Here we go with another round of Seven Scripts for your reading pleasure!
Remember, this shouldn’t be thought of as a “best of” list, but rather, which scripts J.T. thought would most help aspiring writers better understand the process and craft of screenwriting.
Seven scripts. Seven days. Check ‘em out and dare to become a better writer in a week.
1. Alien (Walter Hill draft)
Hill’s unique, staccato style burns imagery directly into the reader’s brain. A cold, but scorching fast-paced must read.
2. Aliens
For such a legendary taskmaster and technocrat, James Cameron is a romantic at heart, and the plots of every one of his screenplays bear this out by revolving around issues of love and loss. With its surrogate human mother vs. alien mother subplot, Aliens is no exception. Throughout, Cameron’s uses short, novelesque descriptions to enhance his action and blue collar characters and effectively weld them to a plot that escalates with every turn of the page. There’s a reason this script makes many screenwriter’s top-ten lists — it’s damn good. Along with Jeb Stuart and Steven E. de Souza’s Die Hard, Aliens is still one of the great blueprints for the modern action screenplay.
Editor’s Note: Alien and Aliens were casualties of the Twentieth Century Fox DMCA Request, so they’re not currently available here.
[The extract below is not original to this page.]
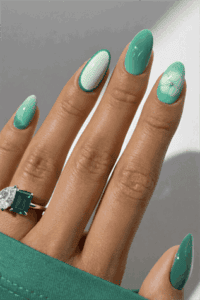 Mint and emerald green almond nails with mix and match design, glossy manicure with floral and gradient accents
Apologies.
3. Tootsie
As convoluted and whacky as the premise is, the writers ground its absurdity by thoughtfully spreading the wealth of the story among a host of eccentric characters with issues that matter to each and every one of them – and thus the reader. This isn’t just Michael/Dorothy’s story, but a great ensemble piece. Like Larry Gelbart’s own television version of M*A*S*H, Tootsie is one of the rare comedic screenplays that effectively manages to mix comedy with biting social commentary — and actually work.
In line with its roots, the script is overly descriptive and stagey, but that screwball comedy dialogue? Priceless.
Some movies are just so damn smart they sparkle. Up in the Air is one of them. Jason Reitman and Sheldon Turner working from Walter Kirn’s novel create three immensely narcissistic characters and then they do the impossible — they make us care about them. In my opinion, Reitman and Turner deserved the 2009 Academy Award for best screenplay adaption. Personally, I think they were robbed.
Horton Foote captures the grace, humanity, dignity, and yes the ugliness of the characters that reside in Harper Lee’s Pulitzer Prize winning novel. By no means is this a fancy, gin-upped Hollywood version of the book. Instead, Foote has enough sense to get out of the way and keep things simple. By doing so, he not only honors the source material, but allows its naturalistic dialogue to breathe and its compassionate heart to beat, thus imparting as much resonance to what isn’t said, as what is.
7. The Lord of the Rings Trilogy: The Fellowship of the Ring – The Two Towers – The Return of the King
By focusing on the humanity, love, and respect that our heroes share for one another, the screenwriters add depth to the epic Tolkien tale and give it to a human scale that readers can relate to and follow. An astounding adaptation of a truly unwieldy work.